That includes the questions that great philosophers throughout the ages have recognized as the most important of all: Where did we come from, what are we doing here, and where are we going?

And it includes the most profound questions that humans have been asking almost since the beginning of time – for instance, if God is good, why does He allow suffering? Why do the wicked prosper? How might I be saved for all eternity?

In fact, I have yet to think of an important question that the Bible does notaddress completely and authoritatively.

So here’s the kicker: It does all of this in under 800,000 words. That’s for King James; in its original super-efficient languages of ancient Hebrew and Greek, it uses just over 600,000 words.  

How does this compare to other popular books?

  • Tolkien’s The Hobbit and The Lord of the Rings trilogy weigh in at about 550,000 words; add Dostoyevsky’s Crime and Punishment to this short stack, and you’ll be ingesting roughly the same number of words used in an English Bible.
  • It took Ayn Rand about 875,000 words to tell the stories of The Fountainhead and Atlas Shrugged – roughly 100,000 more words than God used, and the only question she really answers is “Who is John Galt?”
  • For War and Peace and Anna Karenina, Leo Tolstoy needed 937,000 words to tell tragic tales of the 19th century Russian aristocracy.
  • For lighter reading, many turn to combo’s like Margaret Mitchell’s 418,000-word Gone with the Wind and Larry McMurtry’s 366,000-word Lonesome Dove; together, their counts roughly equal the Bible’s.  
 
The trouble is, even if tales like these stick with you for some time, they’re pretty much empty calories.
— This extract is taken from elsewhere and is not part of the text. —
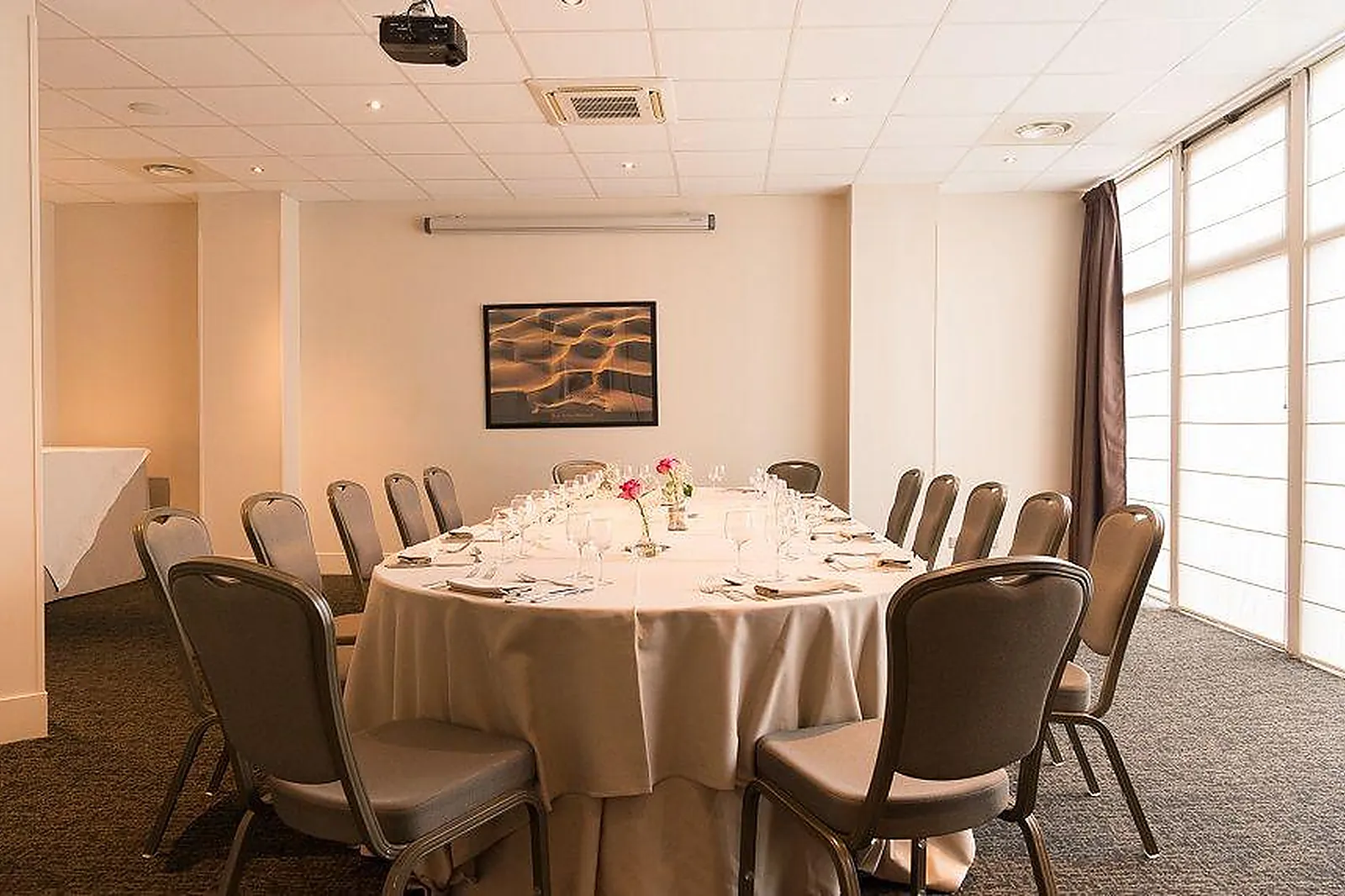 Lieux événementiels, BEST WESTERN PLUS PARIS SACLAY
They provide very little in the way of the life-transforming wisdom that is standard biblical fare. 

But it’s still a free country, and we can each decide how to spend our literary calories. We can have a great time chowing down spiritual junk food. Or we can reach for the Lord’s far more nutritious revelation of “the mind of God, the state of man, the way of salvation, the doom of sinners, and the happiness of believers.”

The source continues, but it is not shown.